Evidence clearly suggests that UIR prostate cancer behaves similarly to high-risk prostate cancer.[14,15] The outcomes for radiation therapy are summarized nicely in this review; however, we believe that surgery should remain a fundamental management option for clinically localized UIR and high-risk prostate cancer. Recent studies suggest that surgery may lead to improved survival compared with radiotherapy in patients with intermediate- or high-risk localized prostate cancer.[16] Additionally, improvement in cancer-specific survival has been noted in high-risk patients undergoing surgery compared with those treated with external beam radiation therapy.[17] The results of the ProtecT trial (ClinicalTrials.gov identifier: NCT02044172) will provide additional insight into the role of surgical management in intermediate-risk prostate cancer.[18]
Conversely, with an armamentarium of treatment options available, it is also necessary to consider which patients truly do require treatment and which are suitable for AS. Intermediate-risk prostate cancer patients with favorable features (eg, low-volume Gleason 3+4=7 disease, PSA level < 10 ng/mL) may be more appropriately grouped with their low-risk counterparts in terms of treatment. Some large AS cohorts have included significant numbers of these intermediate-risk patients, and have demonstrated satisfactory outcomes, particularly in older patients,[6] suggesting that AS may be expanded to include carefully selected intermediate-risk prostate cancer patients with favorable features.

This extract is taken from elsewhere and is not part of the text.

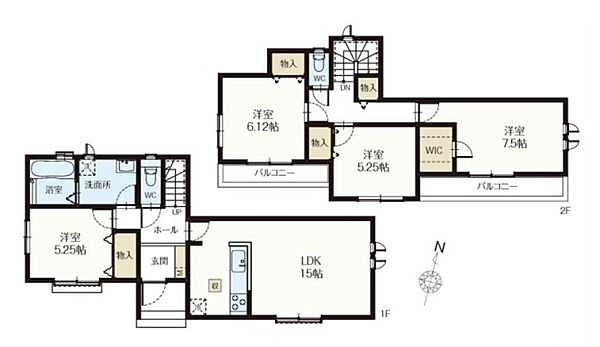 参考プラン：建物価格1536万円(税込)・総額4390万円(税込)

We have made great progress in stratifying the large and heterogeneous group of prostate cancer patients based on the oncologic potential of their cancers. However, we must now come to a uniform consensus regarding the descriptions of these risk groups in order to truly determine which treatments have the best oncologic efficacy, while minimizing overtreatment and optimizing patients’ quality of life.
Financial Disclosure:The authors have no significant financial interest in or other relationship with the manufacturer of any product or provider of any service mentioned in this article.